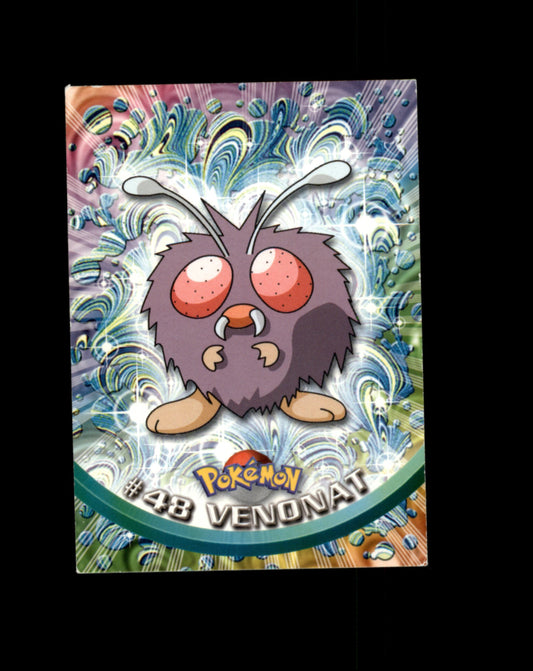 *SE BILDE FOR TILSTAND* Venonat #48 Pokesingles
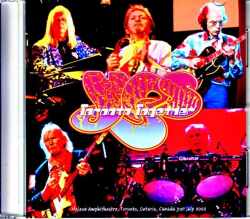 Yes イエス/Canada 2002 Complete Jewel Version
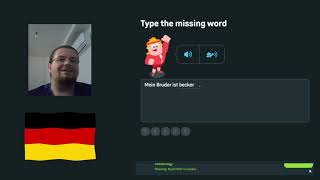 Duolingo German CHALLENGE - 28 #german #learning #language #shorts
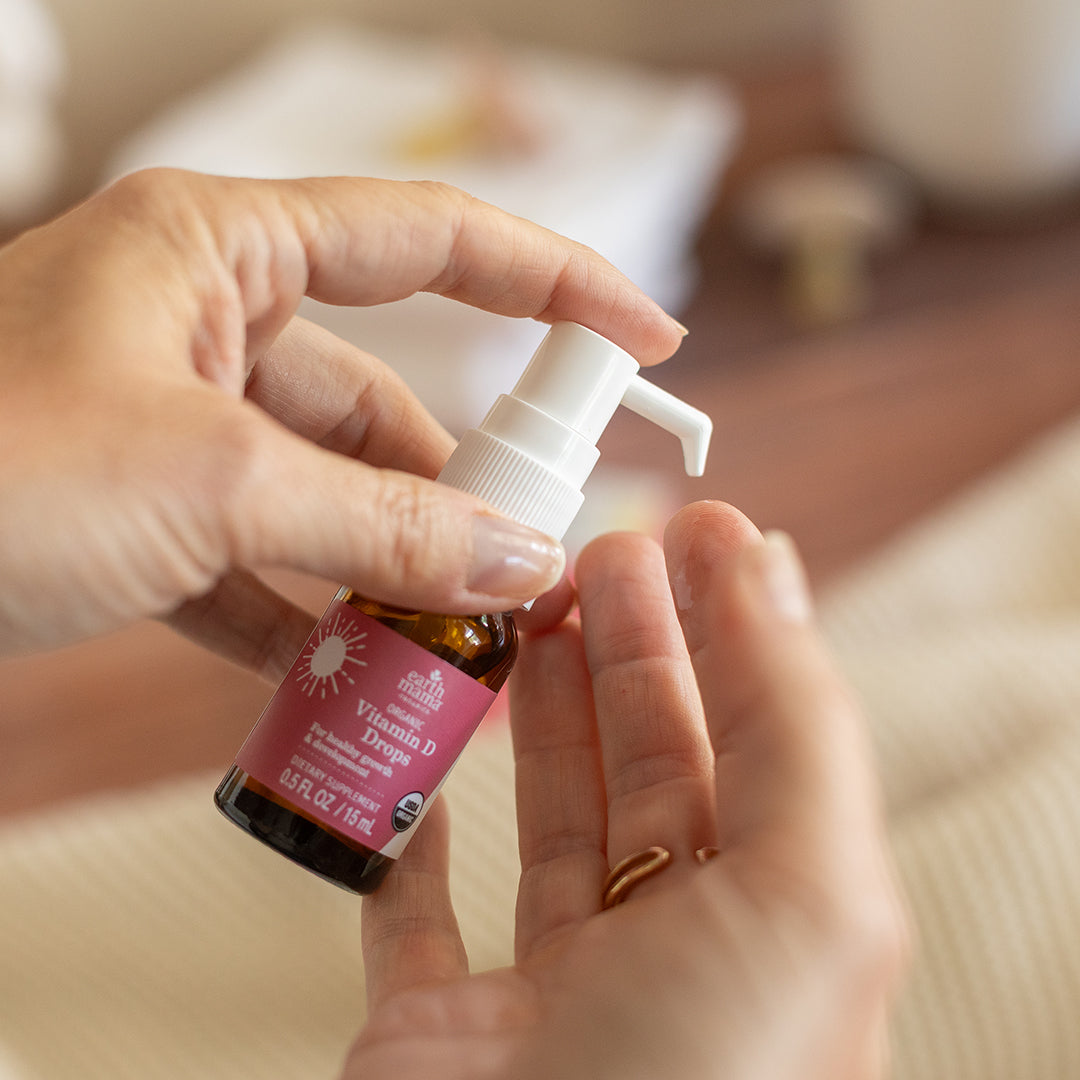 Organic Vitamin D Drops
==
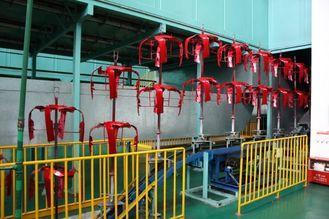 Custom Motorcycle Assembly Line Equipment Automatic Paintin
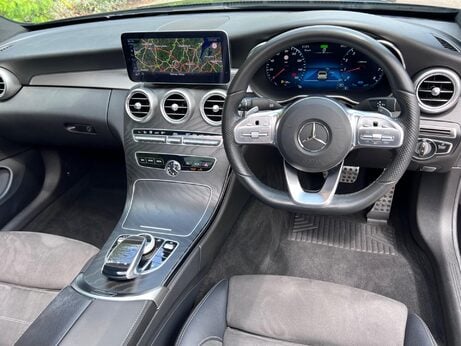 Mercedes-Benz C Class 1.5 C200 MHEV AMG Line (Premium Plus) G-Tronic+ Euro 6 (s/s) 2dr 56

> [EXERCISE REQUIREMENTS]:
A verbatim reproduction is expected: starting at the line above that has "Duolingo German CHALLENGE", ending at the line that has "Organic Vitamin D Drops", both included, and with no pictures and no other lines.

> [SOLUTION FOR THIS PROBLEM]:
 Duolingo German CHALLENGE - 28 #german #learning #language #shorts
 Organic Vitamin D Drops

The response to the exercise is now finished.